Prime Minister Justin Trudeau posted a self-congratulatory video on X last year, boasting that his Liberal government “bet big on electric vehicles” and “now that industry is betting on us.”

The problem is that bet has come up snake eyes for Canadian taxpayers.

This as billions of dollars in federal and provincial government subsidies meant to entice Canadian drivers into buying expensive EVs and plug-in hybrids are coming to an end, while the Trudeau government continues to mandate that at least 20% of all new passenger cars sold in Canada must be EVs by next year, rising to 60% in 2030 and 100% in 2035.

As the subsidies dry up, EV sales will drop, the same way they went up when they were introduced, making these federal mandates increasingly unrealistic, the same way its greenhouse gas emission reduction targets are absurdly optimistic.

To add insult to injury, parliamentary budget officer Yves Giroux reported last year that EV prices need to drop by 31% to achieve the interim target of 60% sales in 2030, at the same time as their costs will go up because of the ending of subsidies.

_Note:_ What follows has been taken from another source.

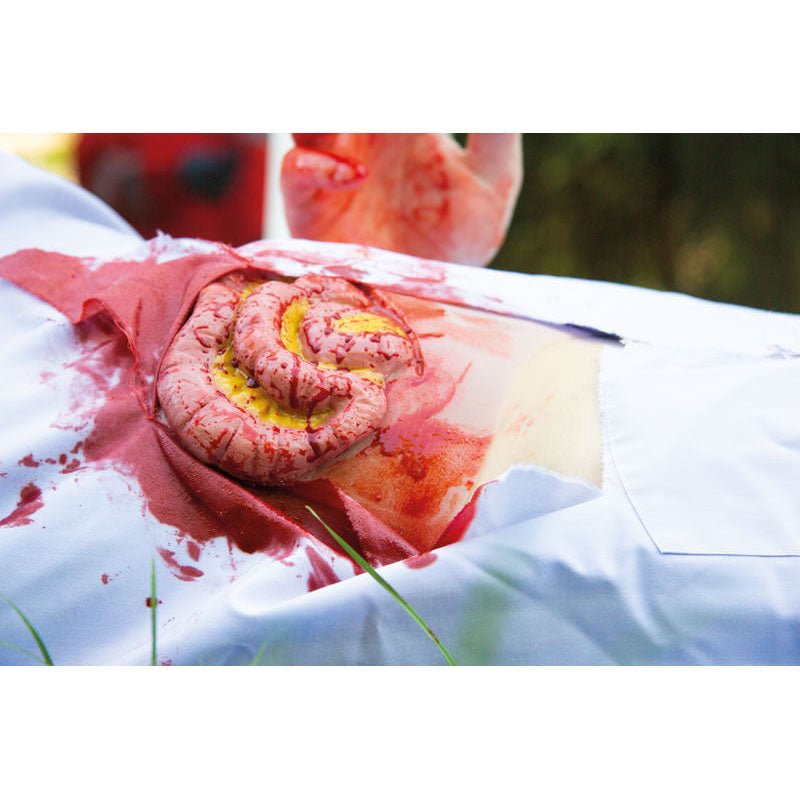 Wound Moulage Protruding of small and large intestines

It’s another example of how the Liberals’ illogical climate change policies — a house of cards built on sand with the tide coming in — are imploding and working against one another, much like the Liberal government itself in its final days.

The Trudeau government last week quietly announced that its Zero-Emission Vehicles (iZEV) Program handing out up to $5,000 in public money to motorists willing to buy EVs is being “paused” as previously planned — translation “ended”—  by March 31, or sooner if as expected, the money runs out before then.

These subsidies have been in place since 2019, costing taxpayers almost $3 billion to date.

The good news is that the majority of Canadians who can’t afford EVs will no longer be subsidizing those who do.

But the bad news is the $3 billion in subsidies is chump change compared to the $52.5 billion federal and provincial governments have showered on Canada’s fledgling EV industry in capital investments on 13 major projects, according to Giroux, $6.4 billion more than the $46.1 billion the EV industry is spending on itself.

The absurdity of this was predicted in a report by the fiscally conservative Fraser Institute in 2023 which calculated that the $5,000 federal subsidy to purchasers of EV vehicles cost $355 to reduce one tonne of Canada’s industrial greenhouse gas emissions.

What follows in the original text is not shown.